What consolidation produces
Given these episodes:
"User mentioned they like Python on Tuesday"
"User mentioned they like Rust on Thursday"
"User mentioned they like TypeScript last week"
"User values type safety in all their projects"Consolidation might produce:
Concept: "User is a polyglot programmer drawn to statically typed, performance-oriented languages"
- Confidence: 0.85
- Instance count: 4
- Conditions: "Applies to language preferences for new projects"
- Relations: implies → "User likely prefers compiled languages"
- Source episodes: [ep_1, ep_2, ep_3, ep_4]
This is understanding, not storage.
Consolidation prioritizes specificity and falsifiability — concepts should be concrete enough to be validated against reality. For fact episodes, consolidation preserves details verbatim in concept summaries rather than abstracting them away.
Performance tuning
Consolidation performance can be tuned with four settings:
| Option | Default | Description |
|---|---|---|
extraction_batch_size | 50 | Number of episodes fetched per extraction loop pass. This is independent from consolidation_batch_size. |
extraction_llm_batch_size | 10 | Number of episodes grouped into each extraction LLM call. Higher values mean fewer LLM calls but larger prompts and slower individual calls. |
consolidation_batch_size | 25 | Number of episodes fetched and generalized per consolidation pass. Controls how much episode context each consolidation batch sees. |
llm_concurrency | 3 | Maximum concurrent LLM calls within a consolidation run. This shared cap applies to extraction sub-batches, topic-group work, and concept-chunk sub-passes. |
With the defaults, 30 episodes split across 3 topics can process up to 3 LLM calls in parallel. Increase llm_concurrency to parallelize more aggressively.
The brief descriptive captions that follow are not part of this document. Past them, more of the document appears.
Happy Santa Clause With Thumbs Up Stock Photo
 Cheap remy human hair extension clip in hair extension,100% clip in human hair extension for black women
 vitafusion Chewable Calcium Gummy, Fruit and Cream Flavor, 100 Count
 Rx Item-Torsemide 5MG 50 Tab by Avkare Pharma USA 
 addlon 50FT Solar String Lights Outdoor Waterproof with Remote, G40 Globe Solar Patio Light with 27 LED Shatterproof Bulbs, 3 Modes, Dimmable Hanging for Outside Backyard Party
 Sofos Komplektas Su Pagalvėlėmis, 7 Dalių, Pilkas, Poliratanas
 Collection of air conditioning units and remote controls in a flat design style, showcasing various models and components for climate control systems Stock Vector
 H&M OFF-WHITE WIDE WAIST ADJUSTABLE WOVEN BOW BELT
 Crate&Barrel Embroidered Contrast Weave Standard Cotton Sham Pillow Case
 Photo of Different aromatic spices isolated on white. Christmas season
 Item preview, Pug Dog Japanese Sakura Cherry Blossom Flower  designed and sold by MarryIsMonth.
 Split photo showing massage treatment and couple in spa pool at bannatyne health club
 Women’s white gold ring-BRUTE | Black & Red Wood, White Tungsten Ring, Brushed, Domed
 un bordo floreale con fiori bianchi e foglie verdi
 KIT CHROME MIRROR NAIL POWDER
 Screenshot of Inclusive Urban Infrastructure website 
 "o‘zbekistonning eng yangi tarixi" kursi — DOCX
Legacy aliases remain supported: entity_extraction_batch_size and consolidation_llm_concurrency.
Only LLM calls are parallelized — all store writes (entity deduplication, concept creation, relation storage) remain sequential to avoid conflicts.
Immediate consolidation from auto-ingest
Episodes created via ingest() are immediately consolidated with force=True, bypassing the normal episode threshold. The triage step already filtered for quality, so there's no reason to wait. This does not affect remember()-created episodes, which still follow normal threshold-based consolidation.